Wisconsin logging firms are following the same trend as many other industries: Fewer, larger, and more mechanized. That’s according to a survey of owners of Wisconsin logging operations conducted last year by a team led by Mark Rickenbach, professor and extension specialist in the UW-Madison Department of Forest and Wildlife Ecology. He summarizes the results in a recent blog post and in this interview with CALS podscaster Sevie Kenyon. The survey, conducted in early 2011, is a followup  to one done in 2004.

Among the findings:

  • Overall production is steady, but harvests are more intensive. Average harvest per logging firm was 5,849 cords in 2003 and 6,893 cords in 2010, but the average volume per acre rose from 12 cords in 2003 to 15 cords in 2010.

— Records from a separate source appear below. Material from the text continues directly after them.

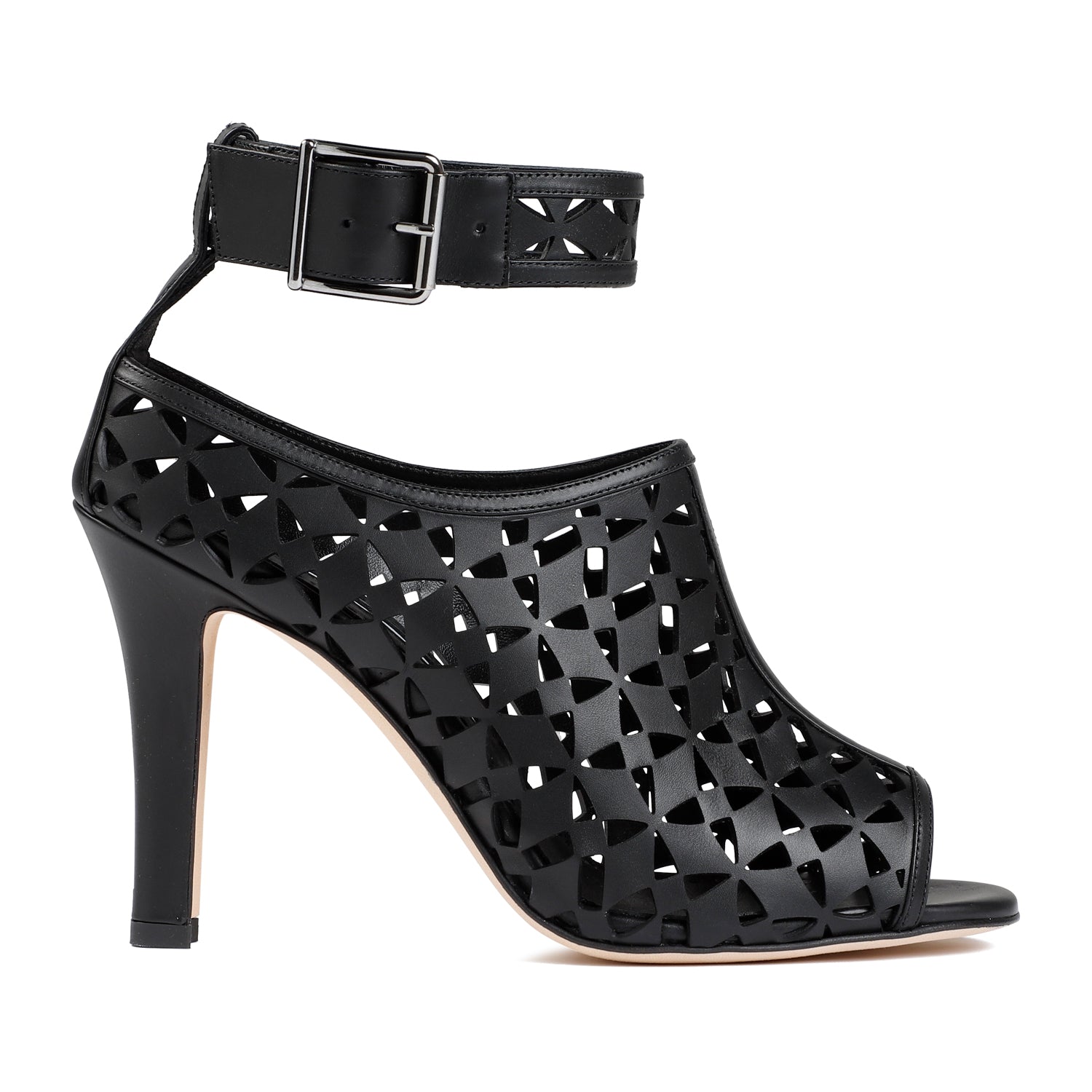 MANOLO BLAHNIK Elegant Ankle Strap Sandals with 10.5cm Heel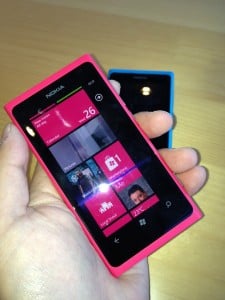 Nokia Lumia 900 vs. Nokia Lumia 800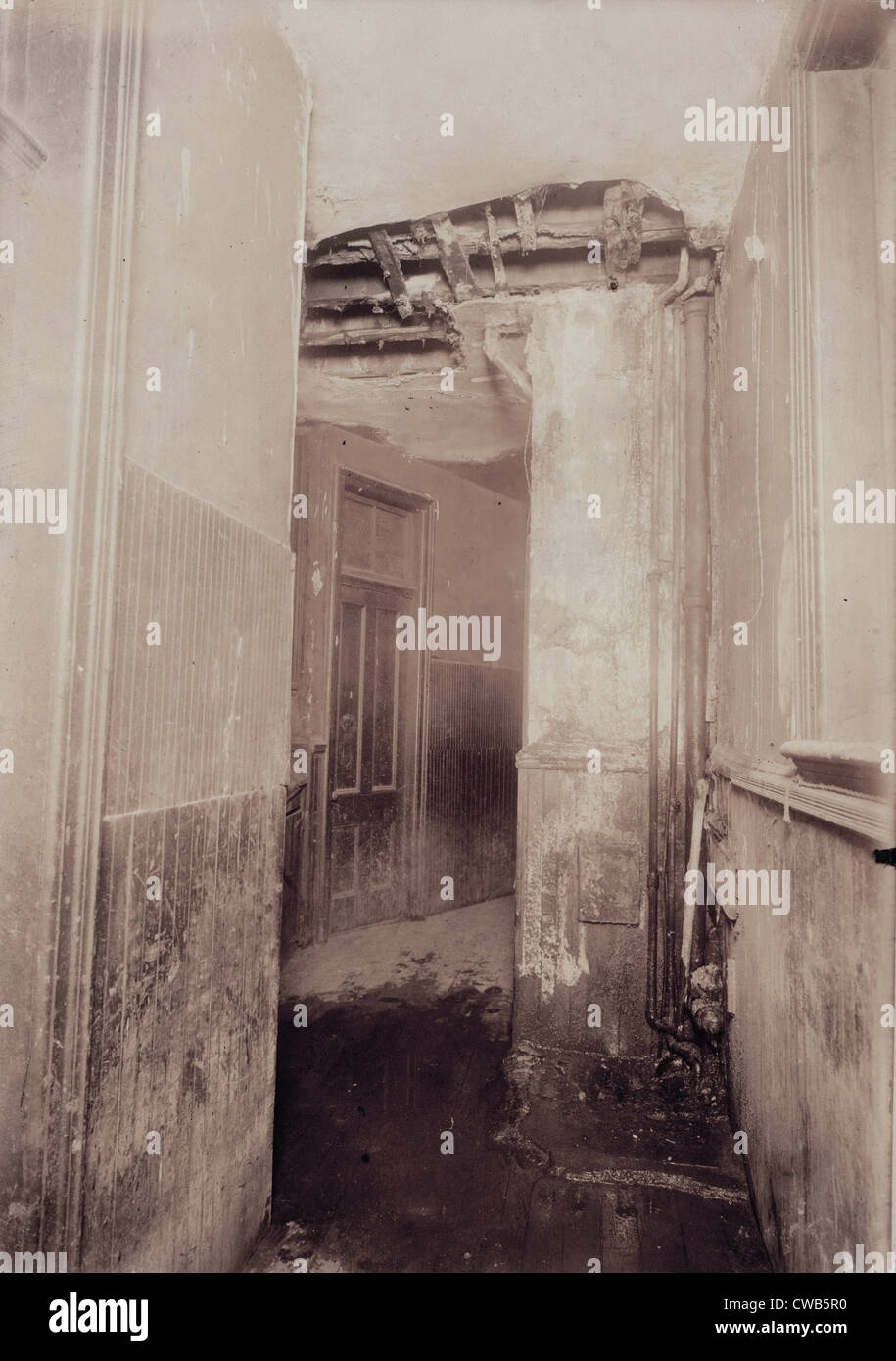 Intérieur d'une New York City tenement, légende originale : 'c'est l'état dans lequel j'ai trouvé la salle inférieure à 266 Elizabeth Banque D'Images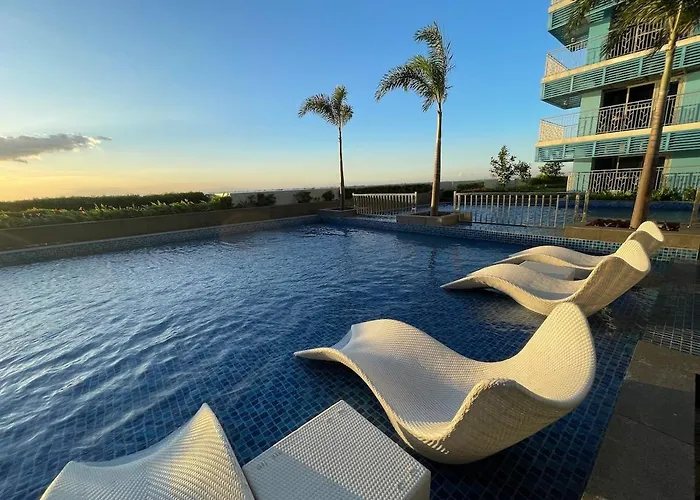 Luxurious 3br In Bay Across Okada Ii 12pax Manila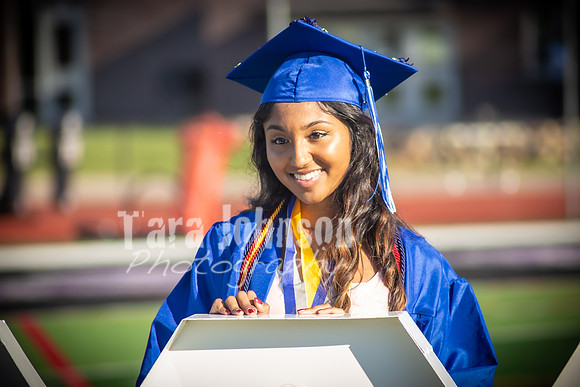 2021 IAC Grad - Candids & PRE-Ceremony - TJP (58 of 79)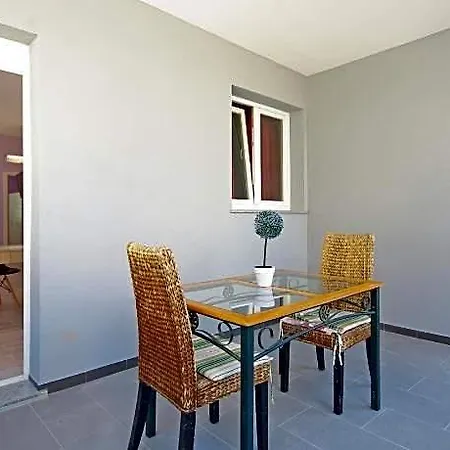 Makarska Apartments 3* 마카르스카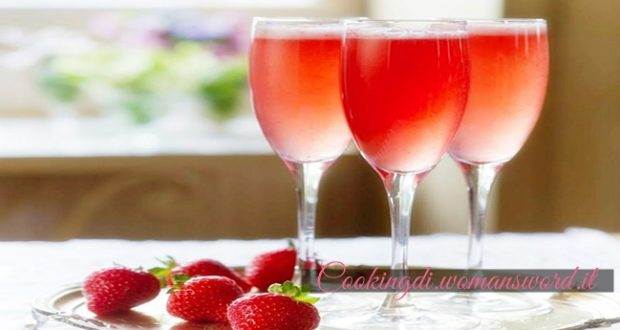 Spumante alle Fragole pronto in pochi minuti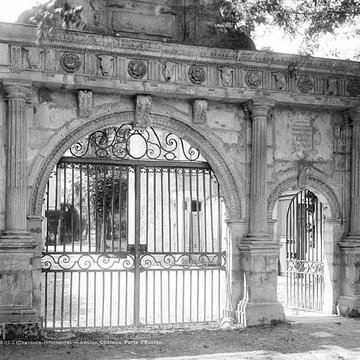 Château de Surgères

  • About two-thirds (62 percent) of the loggers’ reported timber harvest comes from private forests, followed by county forests (17 percent), industrial forests (12 percent), national forests (4 percent), state forests (3 percent) and tribal land (1 percent). That’s roughly the same distribution as in 2003.
  • Asked to describe their profitability, operators’ most common response (38 percent)  was “broke even,” followed by “good” (30 percent), “poor” (22 percent), “very poor” (10 percent) and “excellent” (1 percent.)
  • Capital investment hasn’t changed. Median investment per firm in 2010 dollars was $223,000 per firm in 2010 vs. $202,000 in 2003. But that varies considerably depending on mechanization. Median 2010 investment for a chainsaw-based operation (about a third of the state’s logging firms) was $60,000, vs. $480,000 for mechanized operations. Fifteen percent of firms reported investments of $1 million or more in 2010, up from 10 percent in 2003.
  • Wisconsin had 20 percent fewer logging firms in 2010 than in 2003. The earlier survey foretold this. In 2003, 22 percent of operators said they’d be out of business within five years. This level of attition will continue, the new survey indicates. Among 2011 respondents, 21 percent said they’d be out of  business in five years, about two-thirds due to retirement, the rest because of economic difficulties.
  • Retaining and attracting new loggers remains a challenge. Current firms are hiring more workers. Just over half of the state’s logging firms have employees, up from about a third in 2003. On average, firms employ 2.8 workers, up from 1.7 in 2003.